I’ve been working on a huge paper that I turned in and presented on this past Monday. I plan to present this paper at a regional conference for my field in the spring so I have to edit it and such. Good news is I’m done with all my coursework for my Masters degree; all I have remaining now are thesis hours which I should finish in the spring, YAYSIES!
So I’ll be back to blawging soon. I want to thank everyone who responded to the last post, y’all are just so trill. For realsies, y’all melted my unicorn heart with your tipz and advice. In the meantime and to prove that I have surrounded myself with the finest and choicest selection of ain’t-shit people, my friend/classmate sent me this article for no reason where the writer shared some thoughts on autumn. Here are some excerpts; I bolded the parts that particularly made me wheeze:
GOURD SEASON, MOTHERFUCKERS.
BY COLIN NISSAN
I don’t know about you, but I can’t wait to get my hands on some fucking gourds and arrange them in a horn-shaped basket on my dining room table. That shit is going to look so seasonal. I’m about to head up to the attic right now to find that wicker fucker, dust it off, and jam it with an insanely ornate assortment of shellacked vegetables. When my guests come over it’s gonna be like, BLAMMO! Check out my shellacked decorative vegetables, assholes. Guess what season it is—fucking fall.
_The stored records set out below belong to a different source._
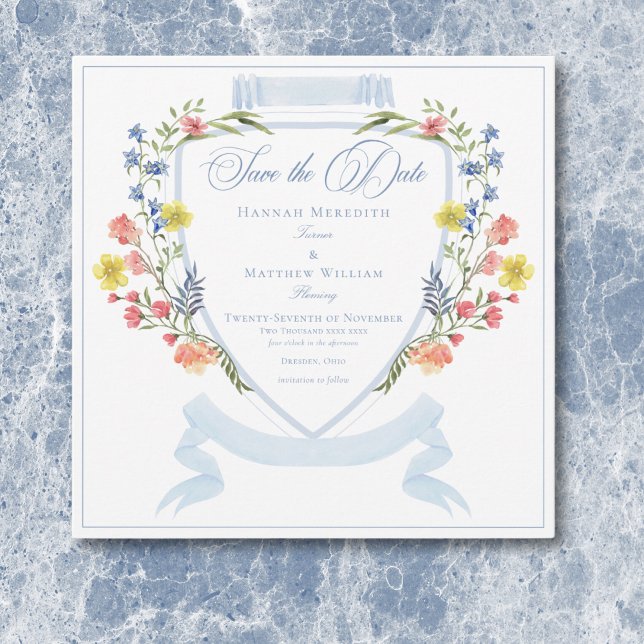 Reserva La Fecha Elegante Boda Escudo de Flor Silvestre Dusty Blue  (Elegant Dusty Blue Pastel Wildflower Crest Wedding Save The Date)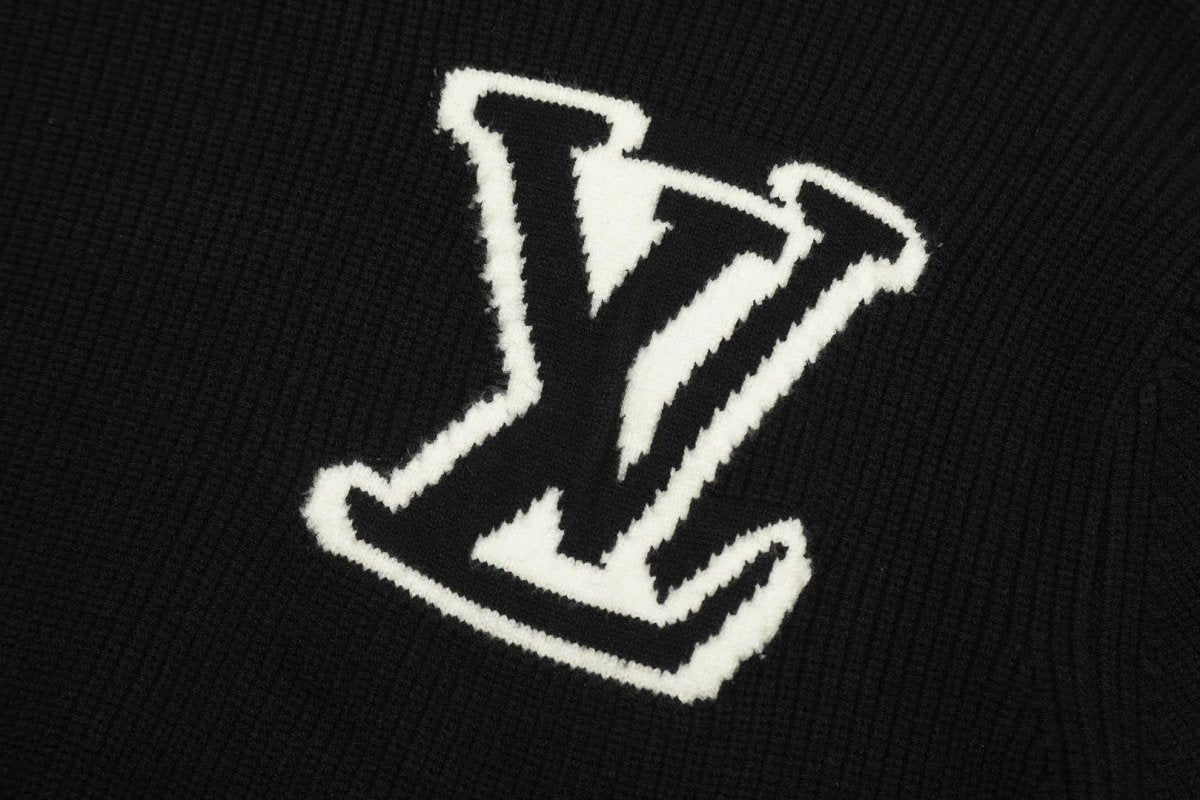 'LV' Knit - Style Outlet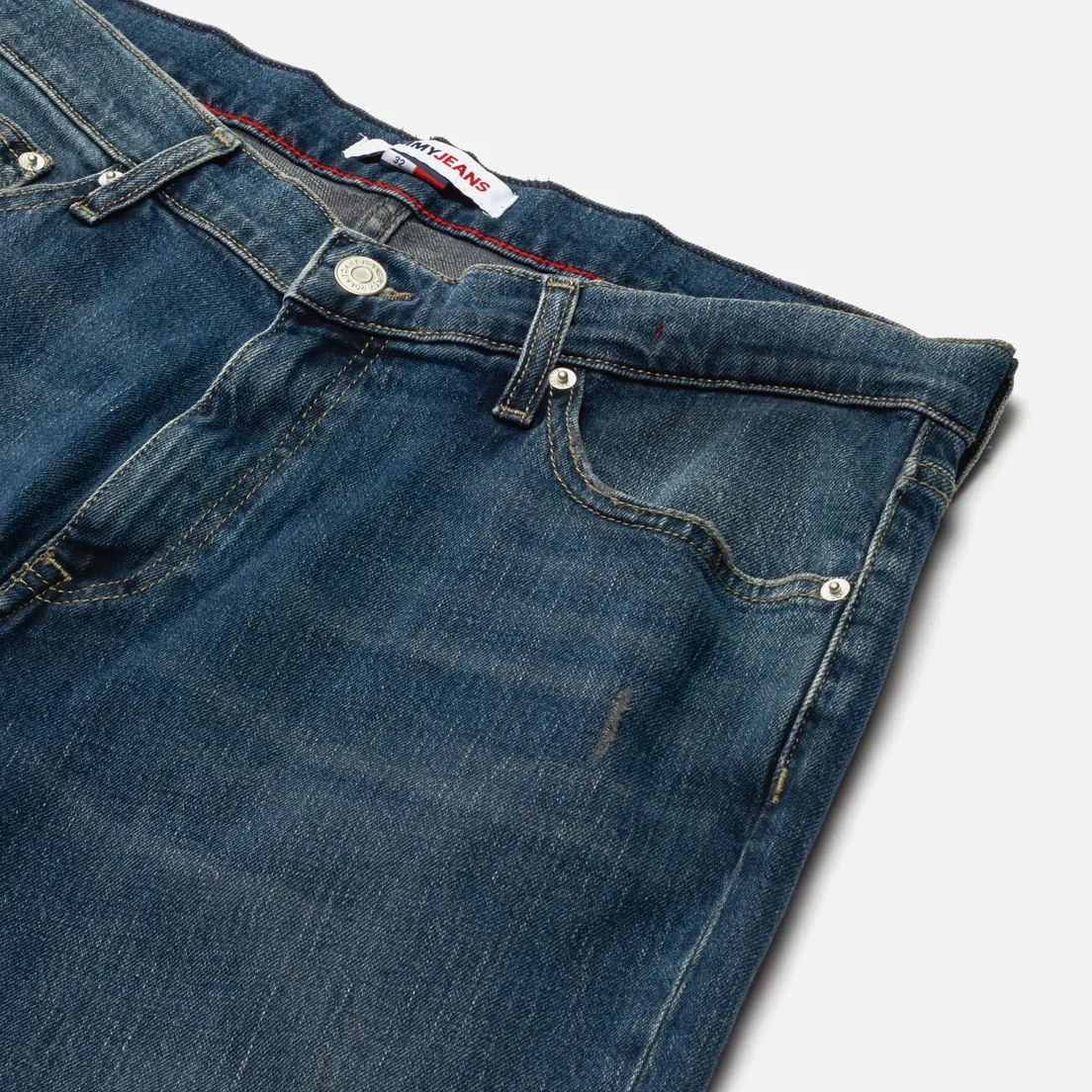 Tommy Jeans Мужские джинсы Dad Regular Tapered BE661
I may even throw some multi-colored leaves into the mix, all haphazard like a crisp October breeze just blew through and fucked that shit up. Then I’m going to get to work on making a beautiful fucking gourd necklace for myself. People are going to be like, “Aren’t those gourds straining your neck?” And I’m just going to thread another gourd onto my necklace without breaking their gaze and quietly reply, “It’s fall, fuckfaces. You’re either ready to reap this freaky-assed harvest or you’re not.”